Grain harvest improves following better weather

Wednesday 05 September 2012 23.51
Grain farmers had feared that a large percentage of their crops would remain unharvested due to poor weather
Grain farmers had feared that a large percentage of their crops would remain unharvested due to poor weather

A recent improvement in weather conditions has allowed grain growers around the country to limit the damage done to their harvest by the summer’s poor conditions.

Tillage experts estimate that nearly 70% of the harvest has now been saved.

A fortnight ago, most of the crops remained uncut because of the continuing wet conditions and harvesting equipment was unable to work on land because of soft ground during the occasional dry spells.

In mid-August, farmers were facing a disaster with the possibility that huge amounts of crops would be not be harvested.

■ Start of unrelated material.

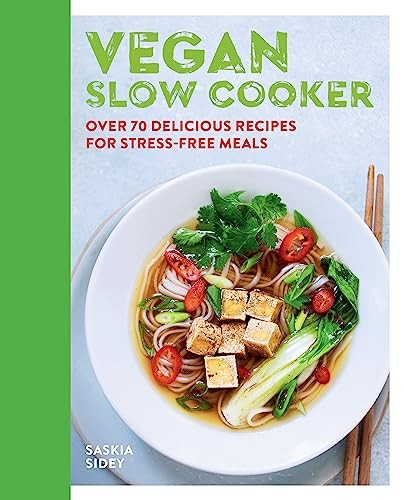 Vegan Slow Cooker: Over 70 delicious recipes for stress-free mea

Over the past week, however, growers have made huge headway in bringing in the crops following the arrival of sunny weather.

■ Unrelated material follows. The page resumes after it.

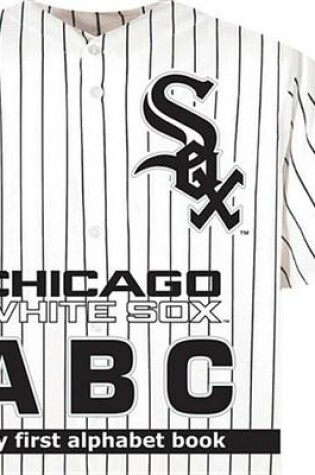 Cover of Chicago White Sox Abc-Board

Jim O'Mahony of Teagasc said it was a near miracle that there had been a turn-about in the weather.

However, he said it would only be an average tillage out-turn because earlier in the year there was a harvest potential of 2.5 million tonnes but that figure could now be around half a million tonnes less.

Mr O'Mahony also said the poor weather had affected grain quality.

IFA President John Bryan said a major national effort is now needed to help the farming sector to recover following the worst weather on record over the summer.

He said thousands of livestock and dairy farmers are facing into a winter with inadequate feed and those who have managed to save enough will incur extra costs as a result of poor quality.

Mr Bryan said the Government, banks, processors, merchants and Teagasc will have to put their shoulders to the wheel to rebuild confidence among primary producers.